How to complete this task: Which lines run from the one with "Vintage-Ring mit rotem Kristall und Achat" through the end of the data? Retype them exactly, without pictures.

Stored data:

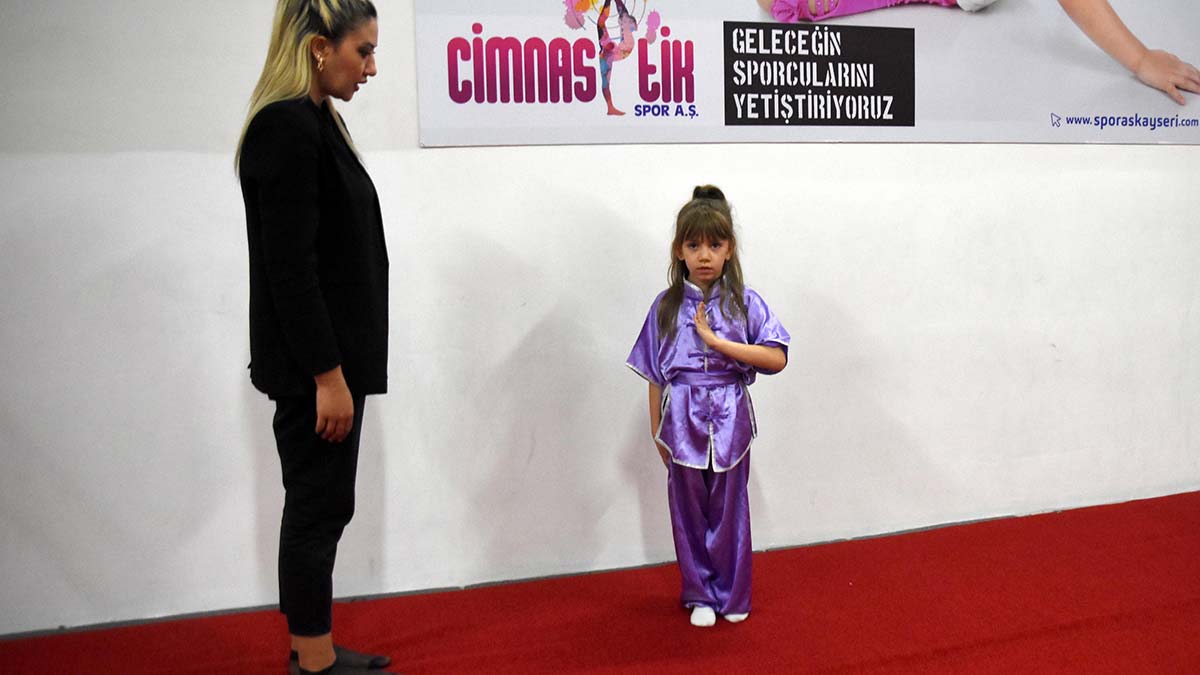 " Annem gibi başarılı bir sporcu olmayı hedefliyorum"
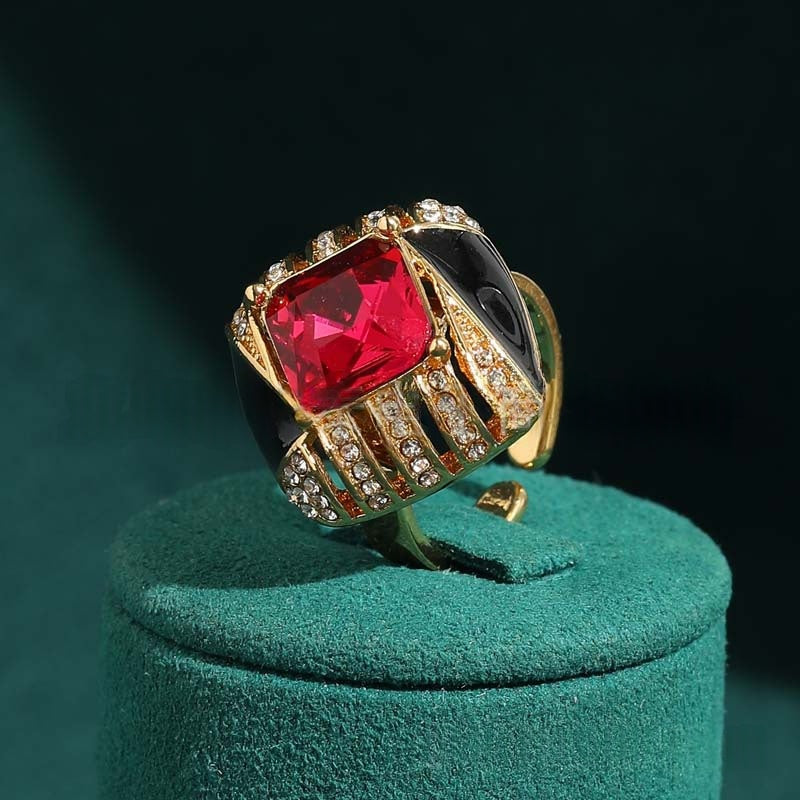 Vintage-Ring mit rotem Kristall und Achat
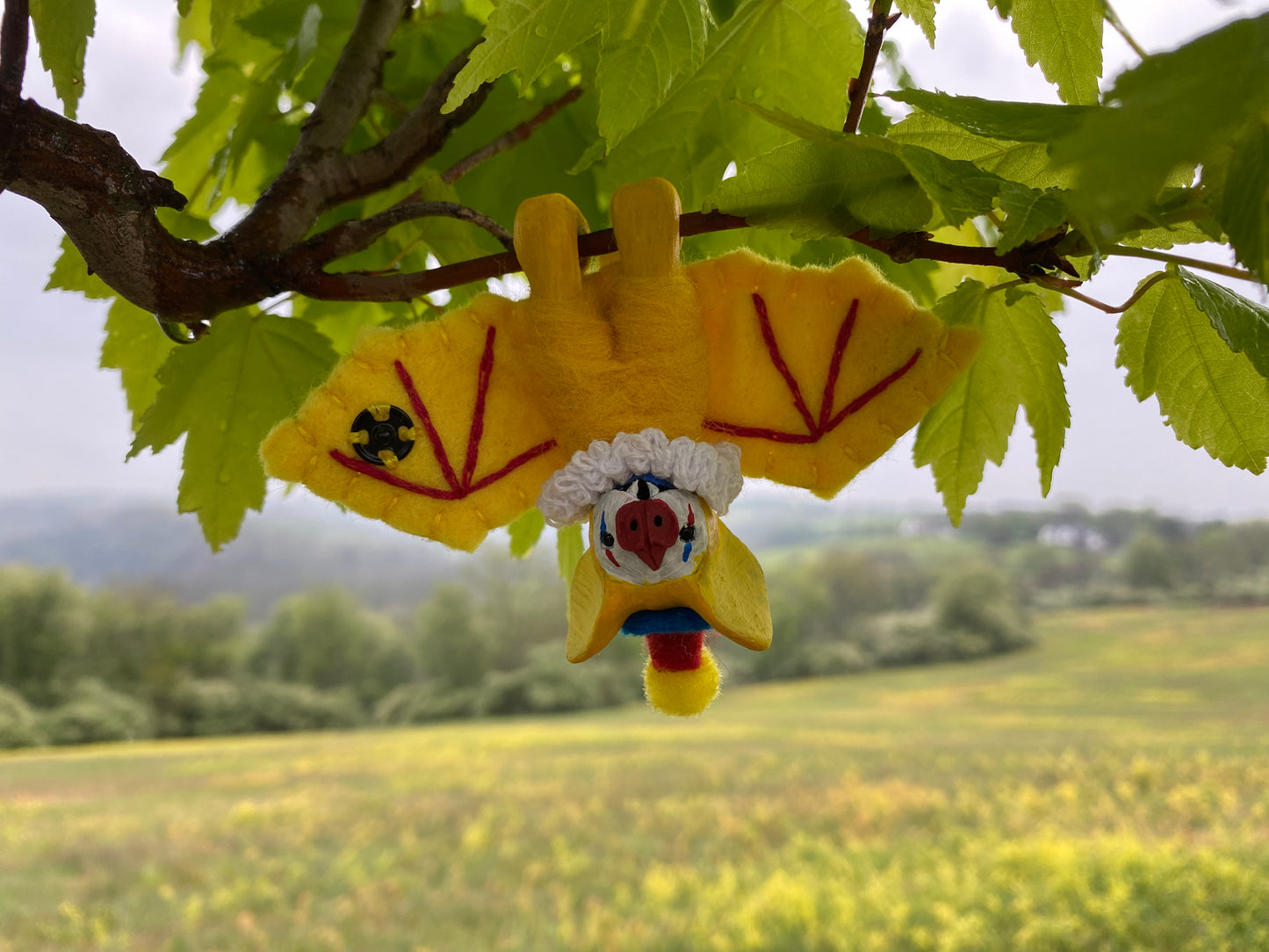 MINI HANGING BAT (yellow)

Solution:
 Vintage-Ring mit rotem Kristall und Achat
 MINI HANGING BAT (yellow)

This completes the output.